Taken from The Basic Catholic Catechism
PART FOUR: The Apostles’ Creed VI-VIII
Sixth Article: “He ascended into heaven; He sits at the right hand of God the Father almighty”.
By Rev. William G. Most. (c) Copyright 1990 by William G. Most

Forty days after his Resurrection, Jesus ascended into heaven. During this period between his Resurrection and Ascension, He actually gave the primacy He had promised to Peter, as we read in John 21. The many events between His resurrection and ascension preclude the theory that He ascended on Easter. His ascension does not mean that heaven is somewhere up in space. This was a way of making clear that He was leaving the present mode of existence. St. Paul in Colossians 3:1 urges us to live our lives now as if we had already died, had risen, and had ascended with Him. In a mystical sense we have done that, in that our Head has done that. In the physical sense it is still in the future.

He ascended to receive the glory due to Him as conqueror of sin and death (Philippians 2:8-11); to be our Mediator and advocate with the Father (Hebrews 9:24); to send the Holy Spirit as He had promised at the Last Supper (John 16:7); and to prepare a place for us as He also promised (John 14:2).

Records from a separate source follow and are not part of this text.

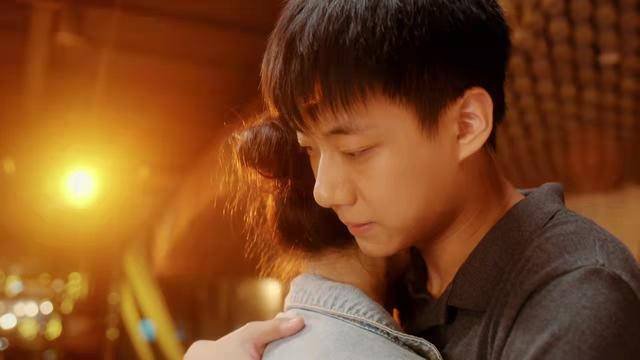 《光阴里的故事》大结局，陈一朵毕来福一家人变成一家人，这是你期待的吗？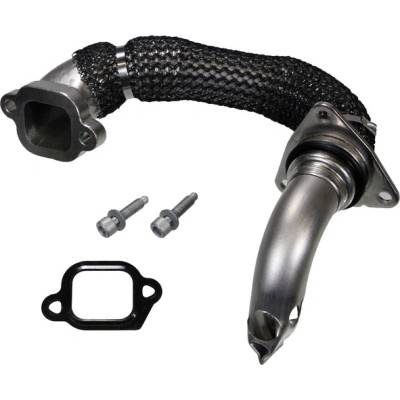 Potrubie EGR ventilu Fiat Ducato 2011/14- Doblo 2010/15- 1,6/2,0 JTD 55222896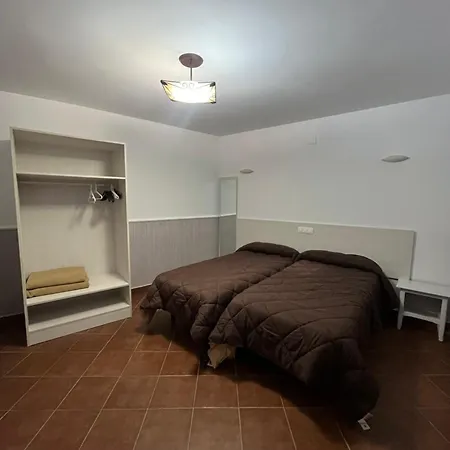 Hostal Hueso-2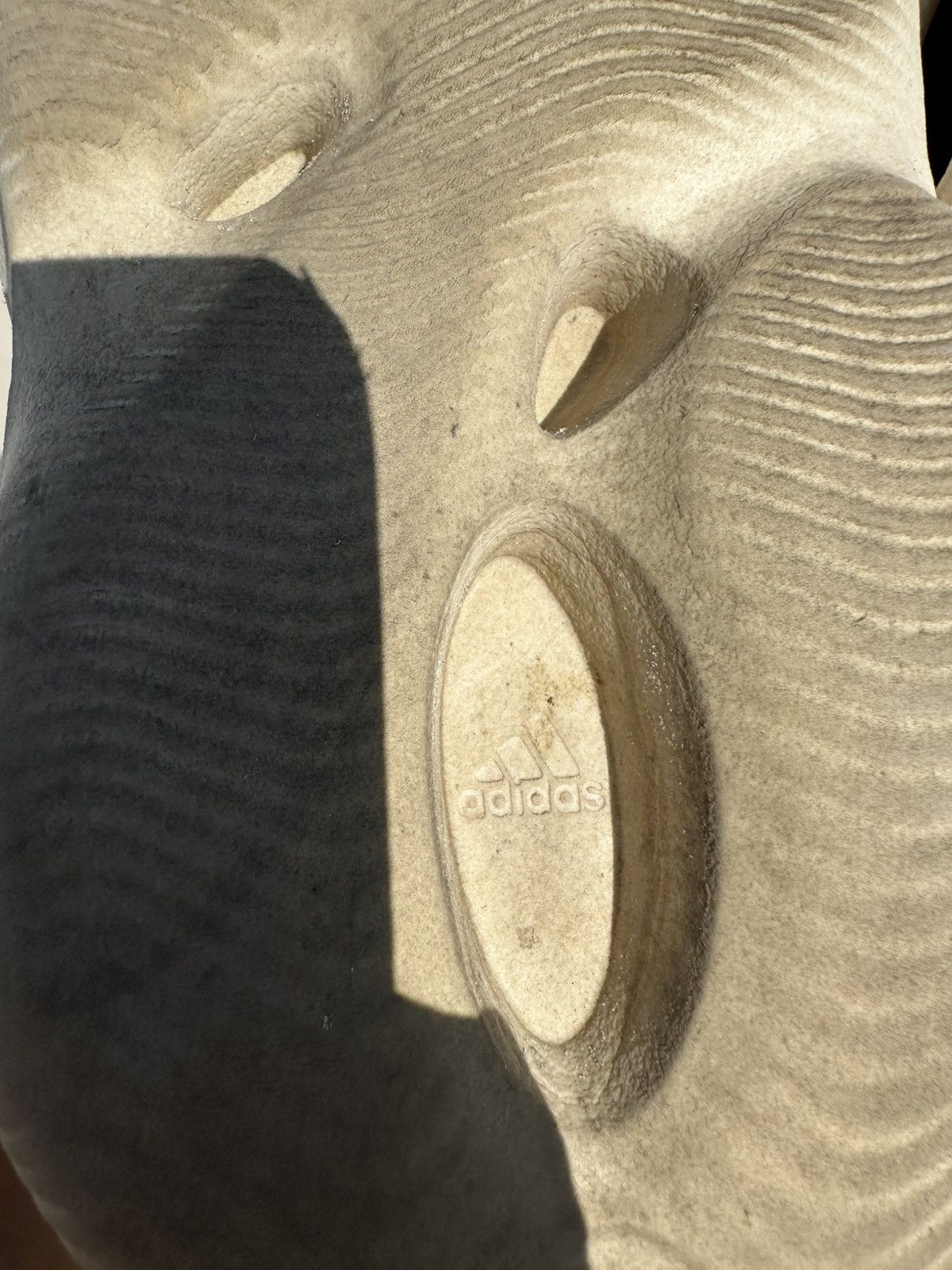 Yeezy Yeezy Foam Runners- Sand Size US 11 / EU 44 - 4 Thumbnail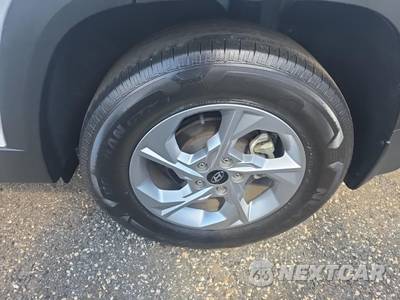 2023 Hyundai Tucson SE - zdjęcie 11 z 21 - miniatura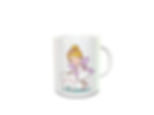 Taza de Ada de los dientes 1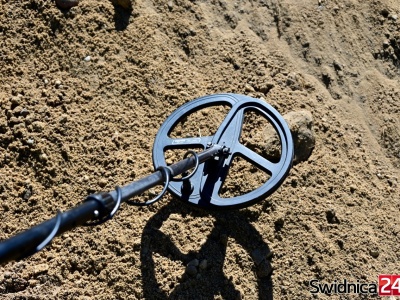 Złoty pociąg między Świebodzicami a Wałbrzychem? Konserwator zabytków wydał zgodę na poszukiwania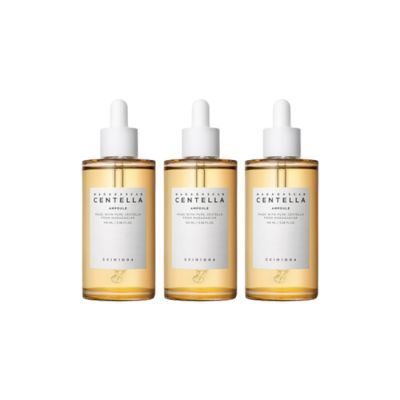 Skin1004 Madagascar Centella Ampoule (3 Tamaños)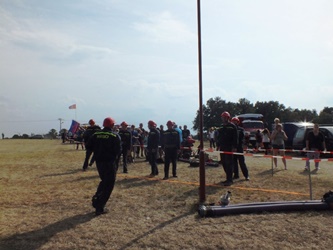 71. O Horecký pohár 2016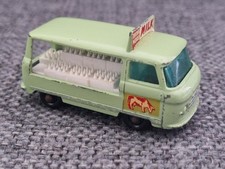 Matchbox lesney commer gebraucht kaufen  Fürth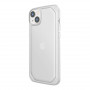 X-Doria Raptic Slim kaitsekott Apple iPhone 14 Plus / 15 Plus, läbipaistev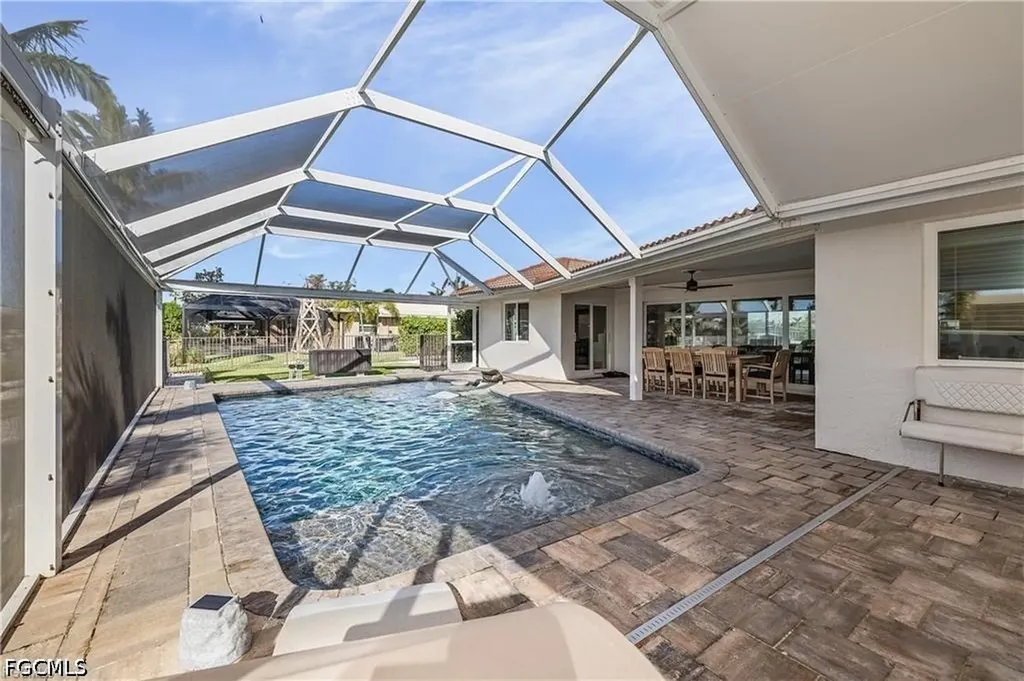 134 SW 53rd Terrace Cape Coral FL 33914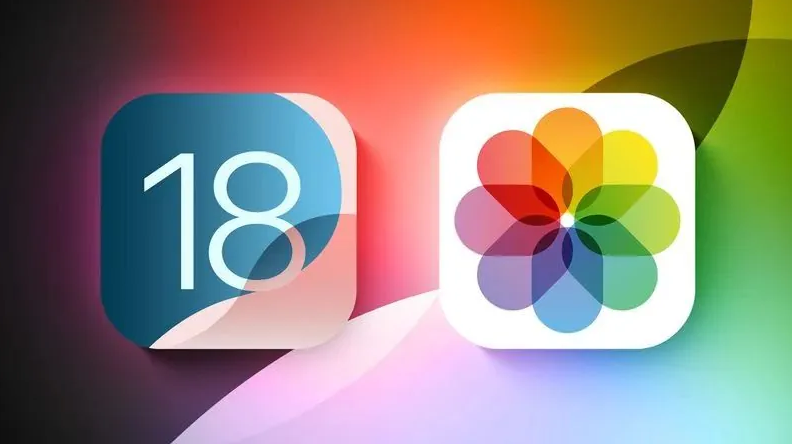 宁远苹果手机维修分享苹果 iOS / iPadOS 18.1Beta 3 发布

Now He is seated at the Father’s right hand, which means that, as He said, “all power has been given to Me in heaven and on earth (Matthew 28:18). He always had that power as God, but now He exercises it as man, as King of the Universe, with His Mother beside Him as Queen of the Universe.

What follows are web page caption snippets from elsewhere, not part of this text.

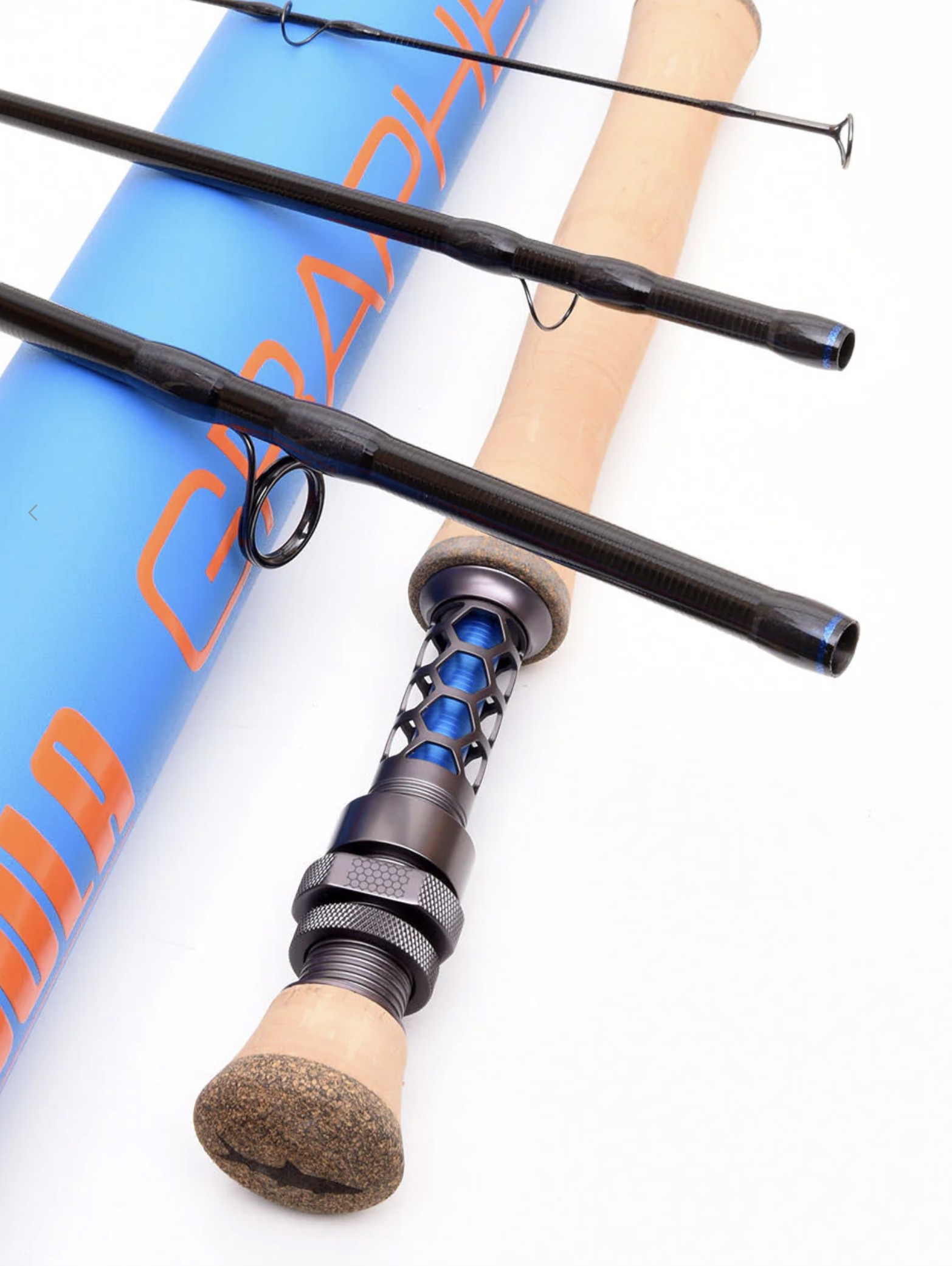 Immagine prodotto: VISION MERISUOLA GRAPHENE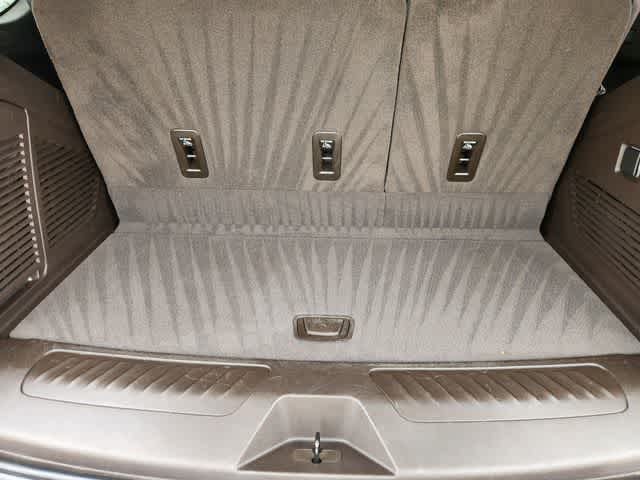 Thumbnail: 2021 Chevrolet Tahoe - 19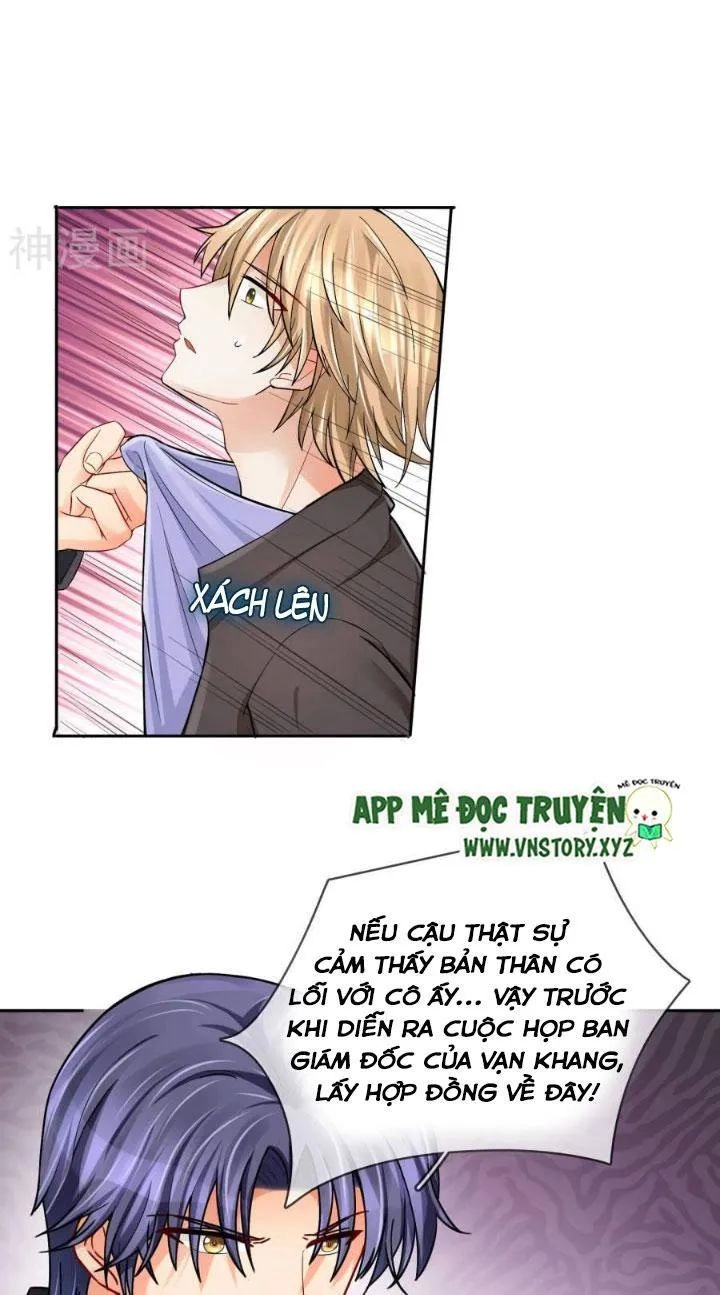 Hào Môn Boss Thiên Giới Thê Chapter 58 - 16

As God He is everywhere, but not as man, though He is present on earth most widely in the Holy Eucharist, even as man.

Besides this real bodily presence in the Eucharist, Christ is present on earth in other, lesser ways. Vatican II explained the various forms of presence, in the Constitution on the Liturgy, # 7: “Christ is always present to His Church, especially in liturgical actions. He is present in the Sacrifice of the Mass in the person of the priest; ‘He is the same one, now offering by the ministry of priests, who then offered Himself on the Cross [citing the Council of Trent].’ But He is most greatly present under the Eucharistic species. He is present by His power in the Sacraments, so that when anyone baptizes, Christ Himself baptizes. He is present in His word, for He speaks when the Sacred Scriptures are read in the Church. He is present, finally, when the Church prays and sings the Psalms, He who promised ‘Where two or three are gathered in my name, there I am in their midst'”(Matthew 18:20).